Следующие несколько дней принесли мне только высокую температуру и ночной мрак. Воспоминания о моем возвращении из парка были смутными. На лестнице своего дома я вытерла лицо краем плаща, опасаясь, что Адем проснется и увидит меня такой — в крови и слезах. Много раз я пыталась вставить ключ в замочную скважину — каждый раз он выскальзывал и падал, как будто ожили мои старые страхи: я больше не у себя дома, не имею никакого права открывать эту дверь, она останется запертой для меня навсегда, и Мелиха больше не было рядом, чтобы взять из моих рук связку ключей и впустить меня в дом посредством этой маленькой отмычки. Когда наконец мне удалось открыть дверь, я прошла прямо в ванную и в зеркало рассмотрела свое лицо. Оно не было сильно поранено: рассеченная бровь, разбитая губа и синяк вокруг глаза — только и всего, кровь из носа уже перестала течь. Но почему это разбитое лицо казалось мне таким знакомым, почему я была уверена, что уже видела его таким — эту губу, этот глаз, окруженный лиловым кровоподтеком? Наполнив раковину холодной водой, я окунула туда голову и держала так, пока хватило воздуха, потом, не заглядывая больше в зеркало, я вытерла лицо и вышла из ванной.

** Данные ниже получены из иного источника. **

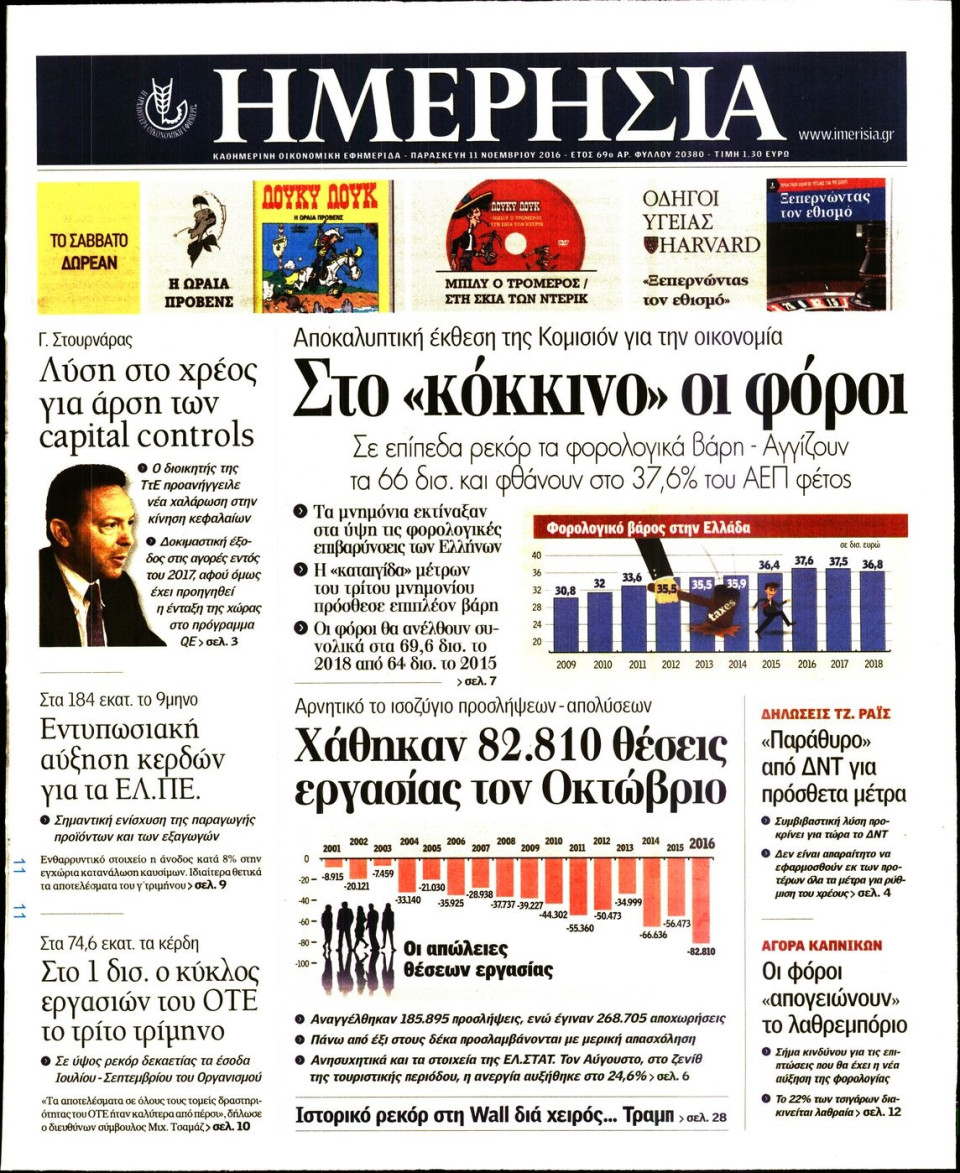 Πρωτοσέλιδο Εφημερίδας - ΗΜΕΡΗΣΙΑ - 2016-11-11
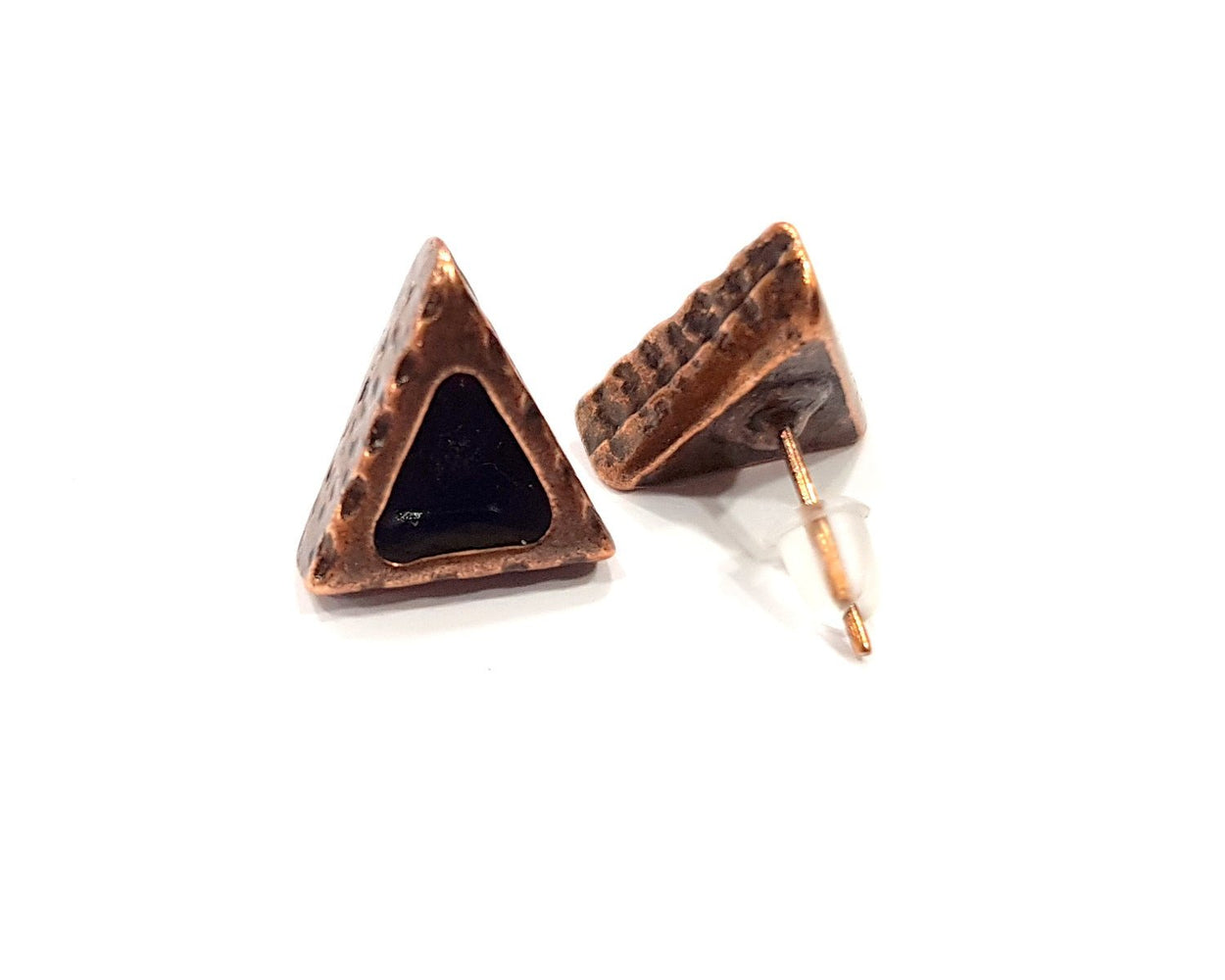 Triangle Earring Blank Backs Base Copper Resin Blank Cabochon Base inlay Mountings Antique Copper Plated (7x6mm) 1 Pair G16403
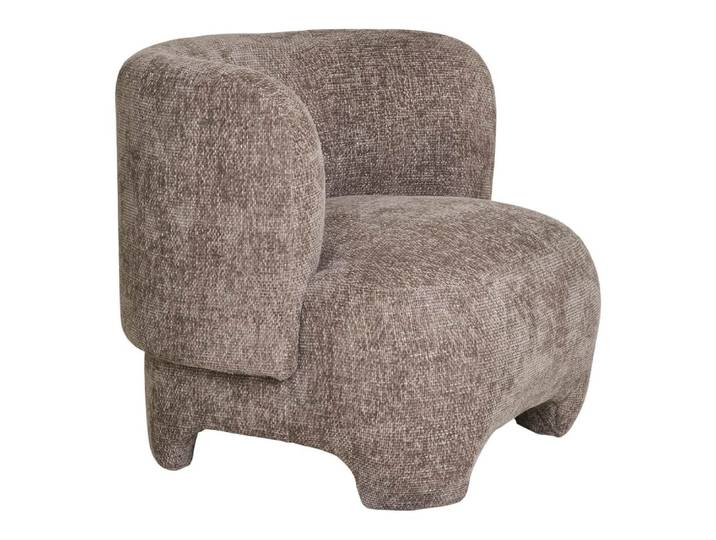 Fauteuil crapaud design tissu bouclette marron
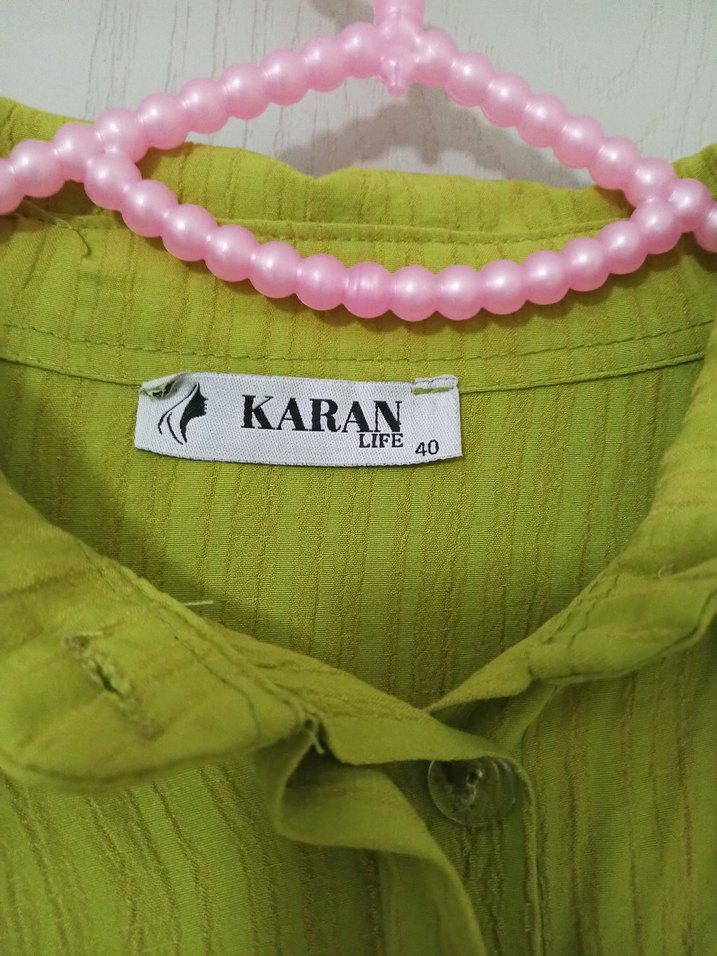 Yeşil Uzun Kollu Pliseli Keten Elbise - Görsel 3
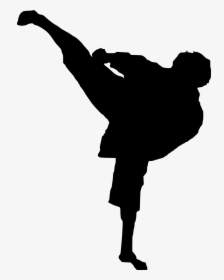 Silhouette Breakdancing B-boy Stencil - Karate Silhouette Png, Transparent Png, Transparent PNG
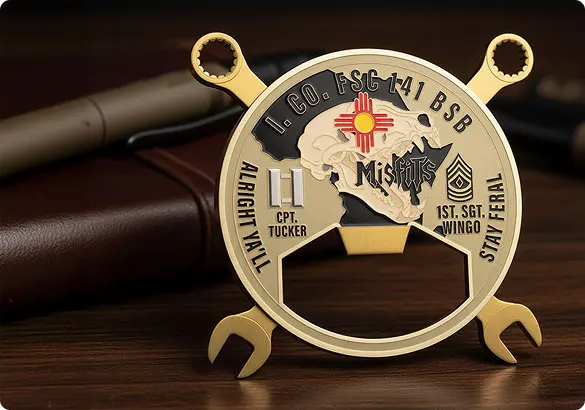 Personalized Unit Insignia Bottle Opener Coin Personalized Unit Insignia Bottle Opener Coin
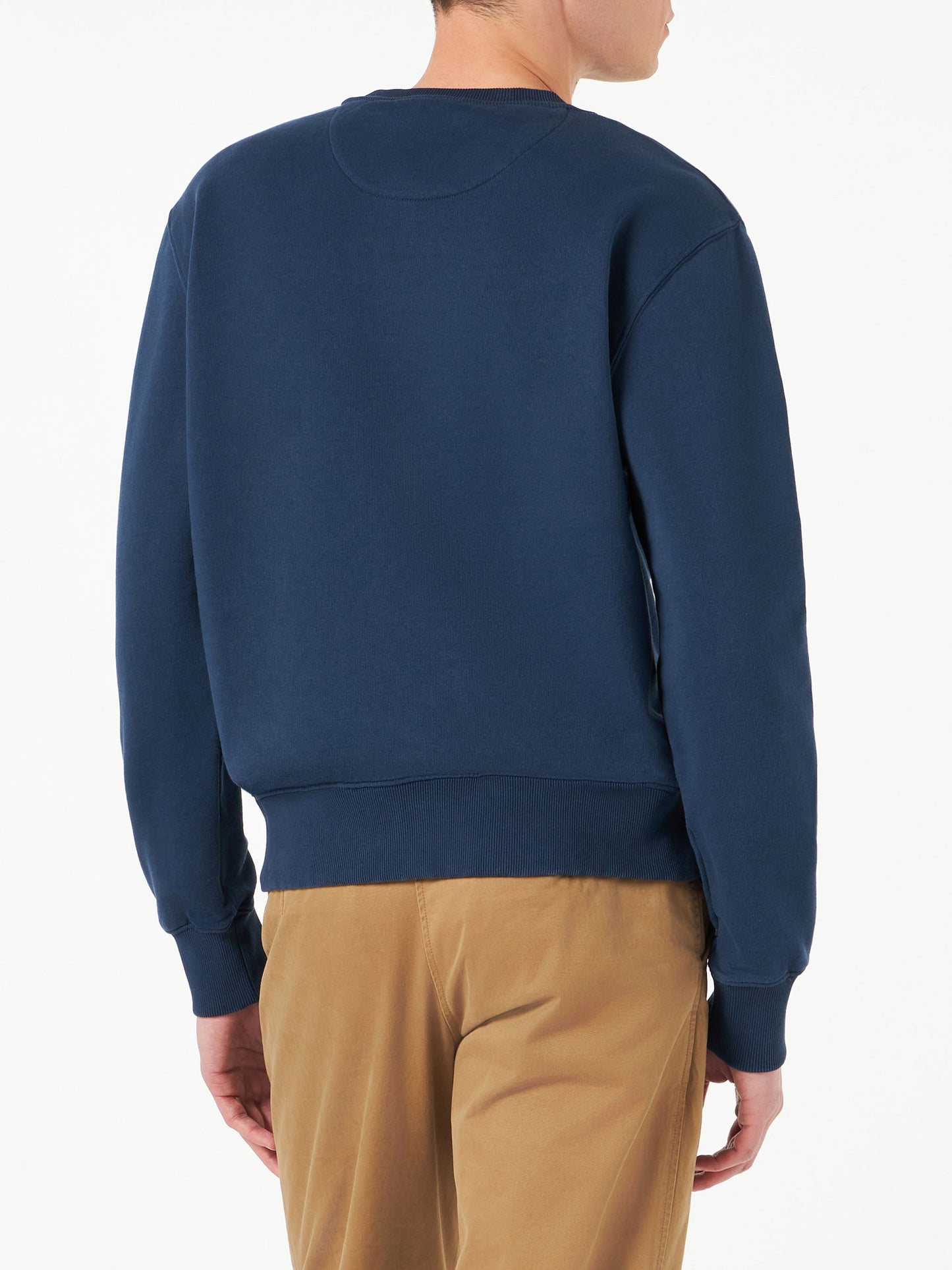 Man cotton sweatshirt with St. Barth terry patch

Прежде чем снова сунуть узел под кровать, вынула оттуда карусель и отнесла ее в детскую. Мышка по-прежнему сидела в опилках, протягивая ко мне сложенные, как маленькие ручки, лапки и наблюдая за мной своими красными глазками. Мне захотелось поставить клетку на пол и открыть дверцу, выпустить ее, даже аккуратно посадить в водосток, чтобы, следуя по пути стекающей воды, мышка соскользнула на тротуар и обрела наконец свободу. Но я лишь осторожно положила карусель на стол Мелиха, но эта осторожность была бесполезна — я заметила, что одна из фигурок исчезла, от нее остались только светлый отпечаток и следы клея на спине одной из лошадей, должно быть, фигурка упала, когда ты пнул карусель ногой. Другой всадник опасно склонился, почти касаясь протянутыми руками пола карусели, словно пытался удержать своего пропавшего друга, на этот раз его лицо с открытым ртом выражало не восторг и радость, а скорее ужас и настоящую тоску. Я осторожно выпрямила его — клей почти не держал, и он сидел на лошади, сохраняя шаткое равновесие. Я положила карусель за клетку, в надежде, что Мелих заметит пропажу только через несколько дней.
Потом я ушла в свою комнату и тихонько прикрыла дверь. Закрыла ставни и с чувством облегчения, с чувством полного освобождения погрузилась в темноту. Затем разделась, оставшись в одном белье, и легла в постель. Я уже дрожала и чувствовала поднимающуюся температуру, лицо и особенно голова болели, словно череп сжали стальным обручем, словно соловей бился внутри, издавая отчаянные пронзительные крики. Я съежилась под одеялом, прижав руки к вискам. Мне припомнилась эта температура, эта головную боль — после водостока, звенящего на ветру, после неба лошадей особенно и еще много, много раз. Я начала дышать спокойно, тихо, как если бы вставляла нитку в игольное ушко, я думала теперь только об этом, об этой нитке и иголке, о странных узорах, которые начинали складываться или уже складывались без моего ведома, о таинственном шитье, которое соединяло фрагменты полотна моей жизни, какие рисунки я увижу, на что однажды дорисованные, они станут похожи и дано ли мне будет увидеть их когда-нибудь.